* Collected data
------------------------------------

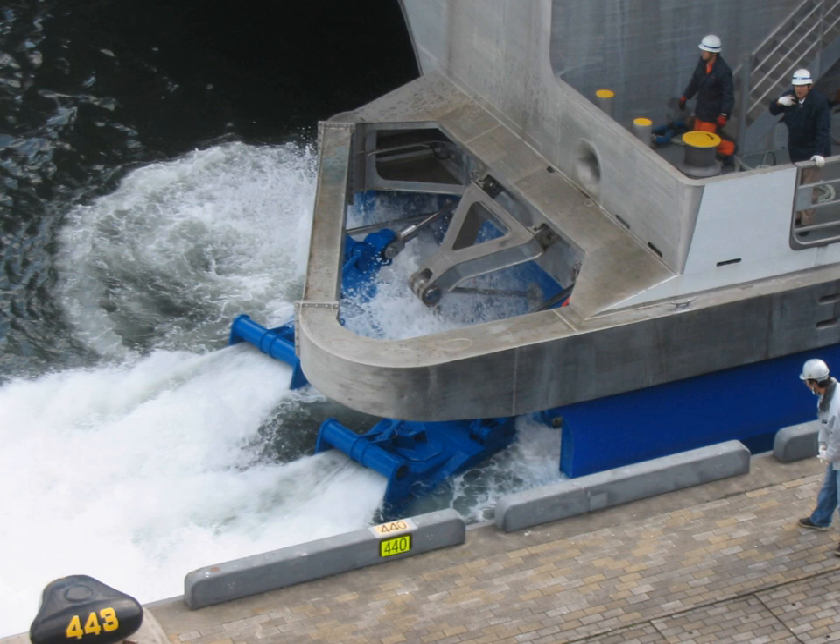Centrifugal flow waterjet designs make use of radial flow to create water pressure. Centrifugal designs are not commonly used anymore except on outboard stern drives.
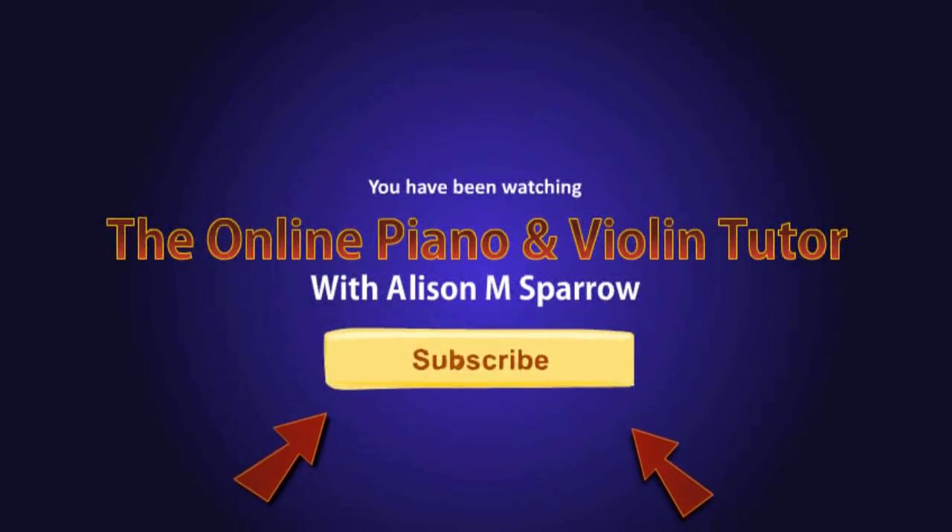Any comments in the box underneath, do leave them — I'll try and respond, or maybe one of you can help someone out. Thanks very much for watching, Merry Christmas and a Happy New Year. Don't forget to check out my advanced Jingle Bells version that I made up on the spot. Here's a link to that — please subscribe, Merry Christmas, I'll catch you all next time.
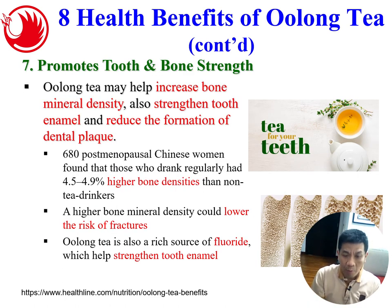Number seven: tea can promote tooth and bone strength. Oolong tea may increase bone mineral density, strengthen tooth enamel, and reduce the formation of dental plaque. A study done on 680 post-menopausal Chinese women found that regular tea drinkers had 4.5 to 4.9% higher bone density than non-tea drinkers. Higher bone density could lower the risk of fractures. Oolong tea is also a rich source of fluoride, which helps strengthen tooth enamel.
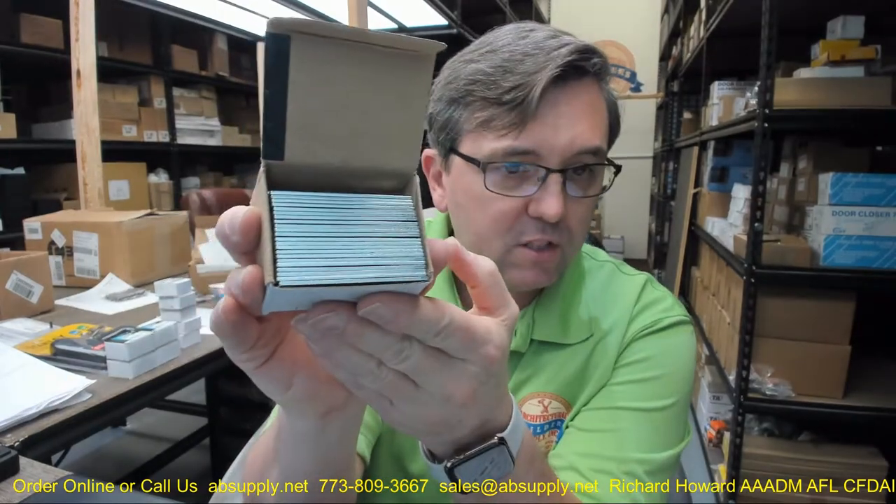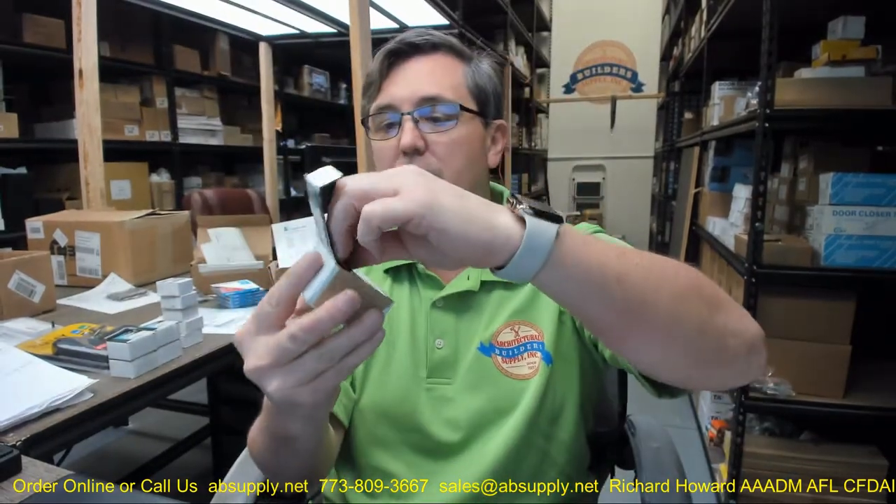This is a box of 48 mending plates. Mending plates are a very generic and typical piece of hardware used in a variety of general applications. A mending plate literally means a rectangular plate that is prepped for screws.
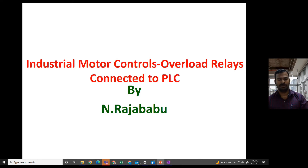Hello everyone. In this video I am going to talk about overload relays connected to a three-phase induction motor controlled by PLC.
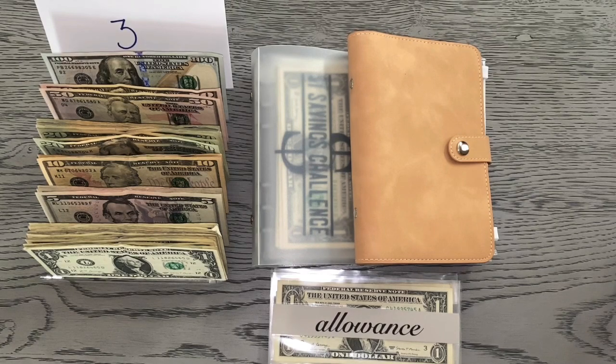Hey guys, welcome to today's video. Today we're going to be doing a cash stuffing for my second paycheck of February, and I do want to point out the elephant in the room.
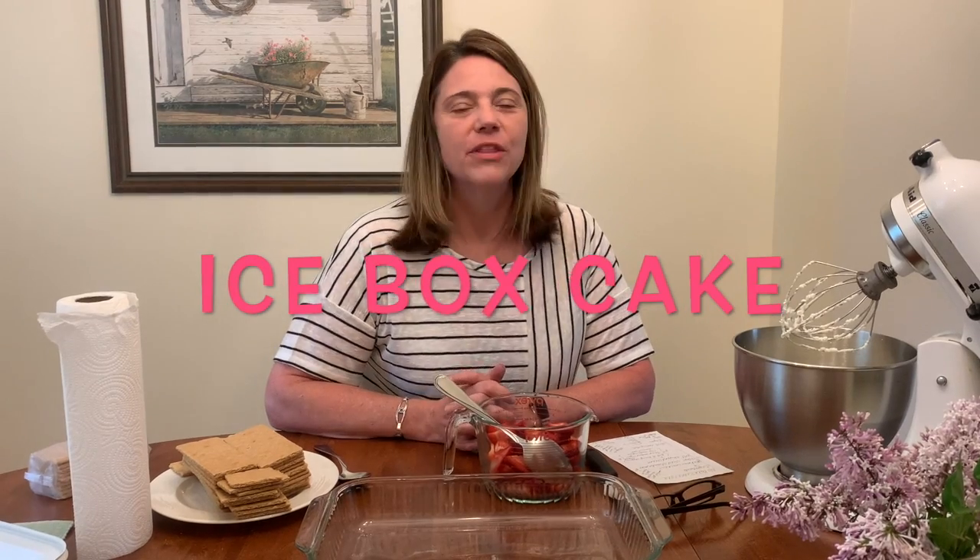Hi everyone, it's Miss Lisa from the Cornell Public Library. Today I wanted to share my recipe for Icebox Cake. This was a summer staple growing up for me. My mom used to make it for big family parties. It's super simple, a lot of fun, and it tastes really good.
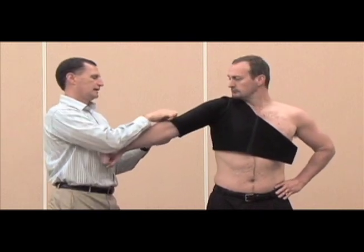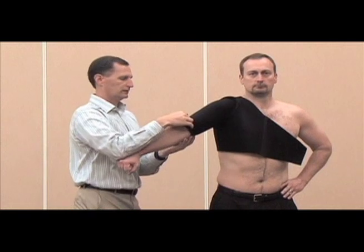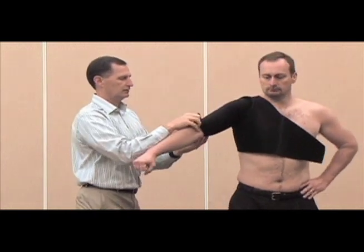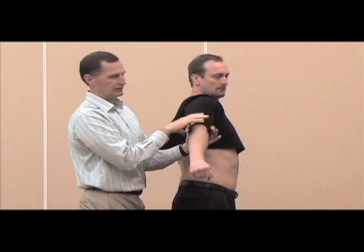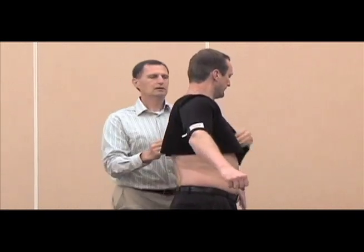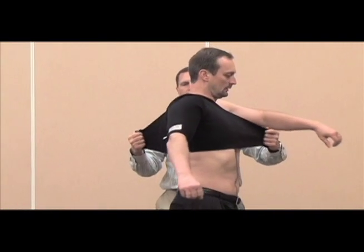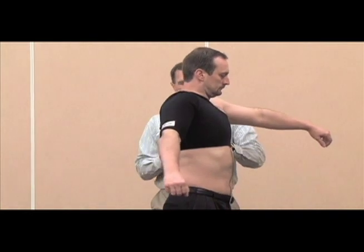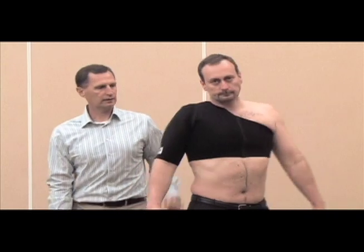Roll the bottom of the sleeve back and secure it. It's not as secure below the bottom of the bicep. Take the stretch out of the material, have the athlete take a deep breath, fold it, and secure it.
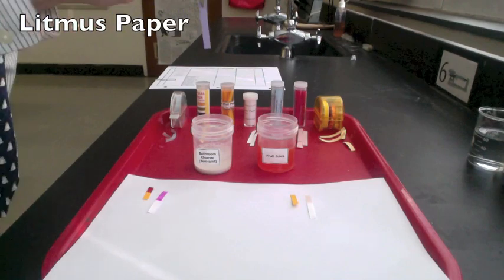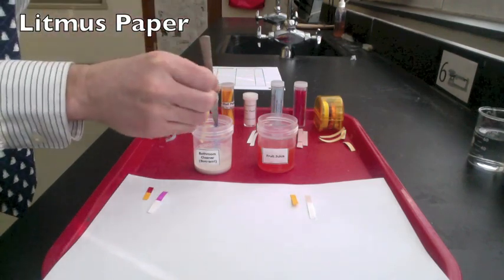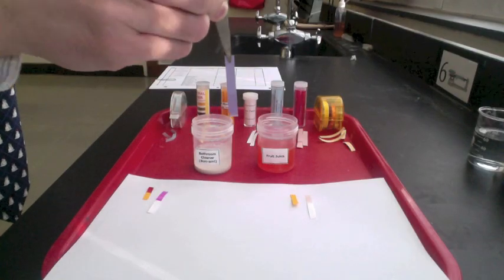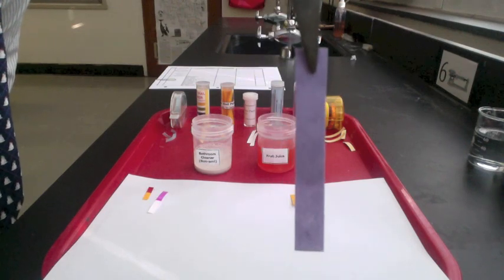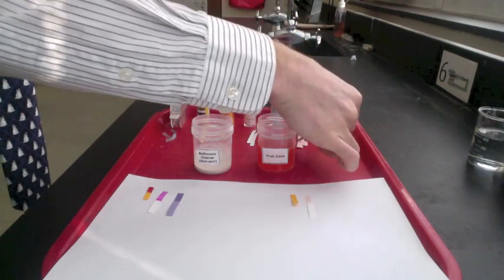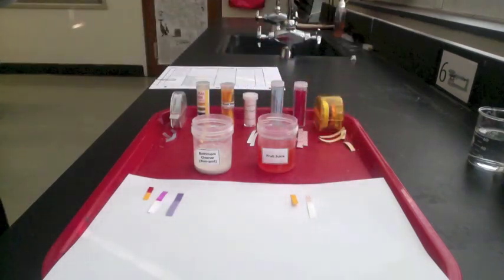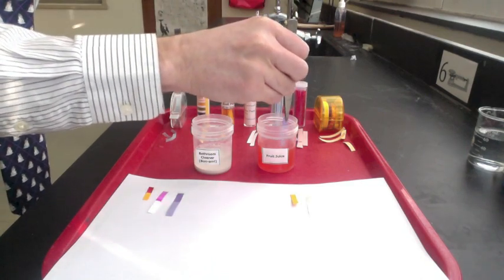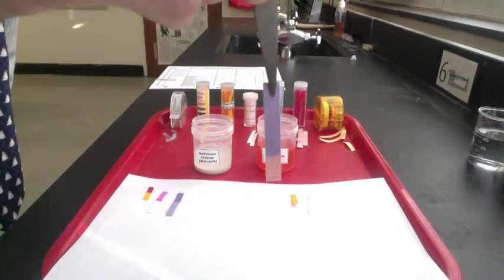Our next indicator is litmus paper. Litmus paper comes in two types: blue and red. Let's start with blue. Blue litmus paper turns red for acids. When dipped in the cleaner, the blue litmus paper stays blue, which tells us it's either a base or neutral. When dipped in the fruit juice, the blue litmus paper turns pink.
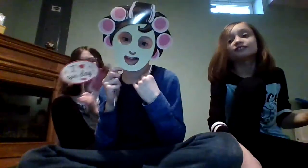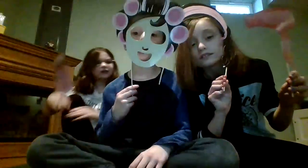We're going to do a photo shoot! Actually, wait — we're gonna do a guess who game.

------------------------------------

* WORK TO COMPLETE
Starting with the first line of the records above and stopping after the line containing "Any comments in", repeat every line exactly and leave out the pictures.

* ANSWER
Centrifugal flow waterjet designs make use of radial flow to create water pressure. Centrifugal designs are not commonly used anymore except on outboard stern drives.
Any comments in the box underneath, do leave them — I'll try and respond, or maybe one of you can help someone out. Thanks very much for watching, Merry Christmas and a Happy New Year. Don't forget to check out my advanced Jingle Bells version that I made up on the spot. Here's a link to that — please subscribe, Merry Christmas, I'll catch you all next time.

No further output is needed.